For two years, the Joint Chiefs of Staff have been running a small research and development program at the U.S.-built airstrip near San Lorenzo in Honduras, close to the borders with Nicaragua and El Salvador. A handful of U.S. soldiers and civilians have been testing Skyeye RPVs, built by Lear-Siegler Corp., under a project codenamed Greywolf, designed to gather intelligence on Sandinista forces in Nicaragua, according to congressional sources.

That program, which cost $20 million and led to the crash of at least five of eight Skyeyes, ended last November, a Pentagon spokesman said.
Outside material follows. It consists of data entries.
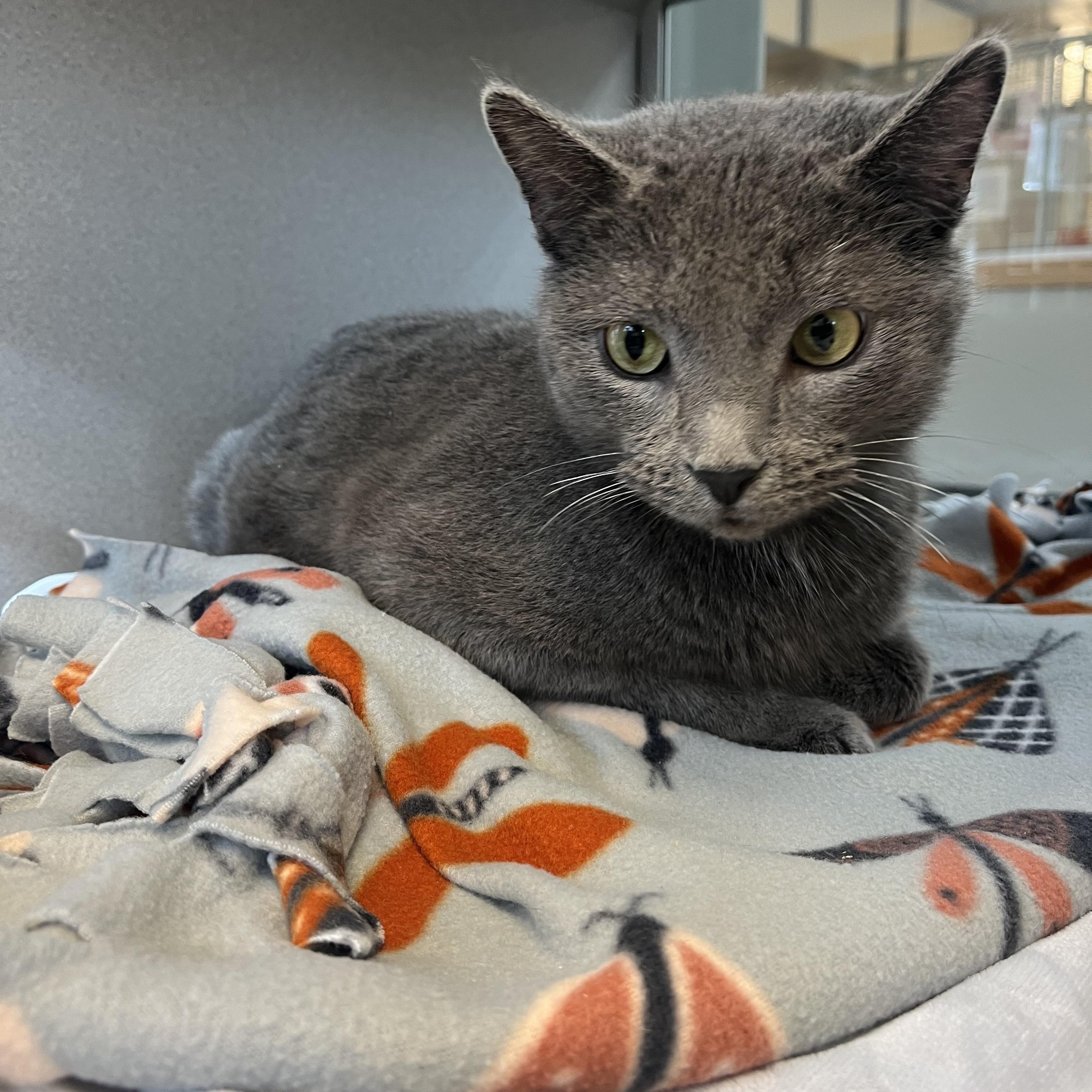 Scottland — thumbnail 2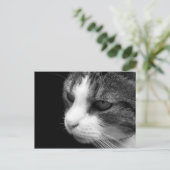 Tabby Cat Black & White Portret - Dierlijk Briefka Briefkaart (Staand voorkant)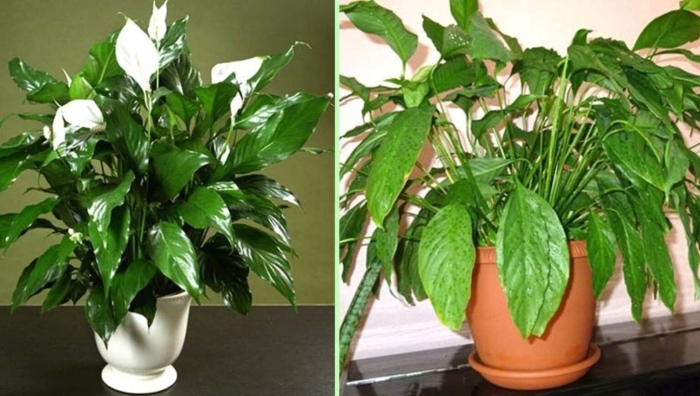 Спатифиллум цветок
Now, the Pentagon is seeking $1.6 million from Congress in next year's defense spending bill to begin construction of four additional drone ground launch sites in Honduras, according to testimony given a House Appropriations subcommittee on military construction in March.

The U.S. Southern Command, which runs American military operations in that area, "continues to test and evaluate the development of a reliable RPV system for application to low-intensity warfare needs," the testimony said.

"It is unknown how long this R&D research and development effort will take before we can transition to a fully developed operational system," Pentagon officials told Congress.

The Army this month is requesting proposals from contractors that build RPVs, leading to a competitive "fly-off" between models that will end in purchase of an "intelligence and electronic warfare RPV," the Pentagon spokesman said. He could not say whether these drones will be tested from the proposed new sites in Honduras.

The funds would provide for "site preparation and security" for the new sites, which may be moved from San Lorenzo "to a more suitable operational location," the Defense Department told Congress.

In a related matter, the House subcommittee hearings also disclosed that the department is seeking $15.3 million to build a Caribbean radar network during the next three years.

The network, according to Gen. John R. Galvin, commander of the Southern Command, would help protect the Panama Canal and Caribbean Basin, as well combat drug traffickers.

"If you take off today from Bogota Colombia flying to Miami," Galvin said, "you would think you would be under radar control all the way, but in fact you are not. This is hurting us."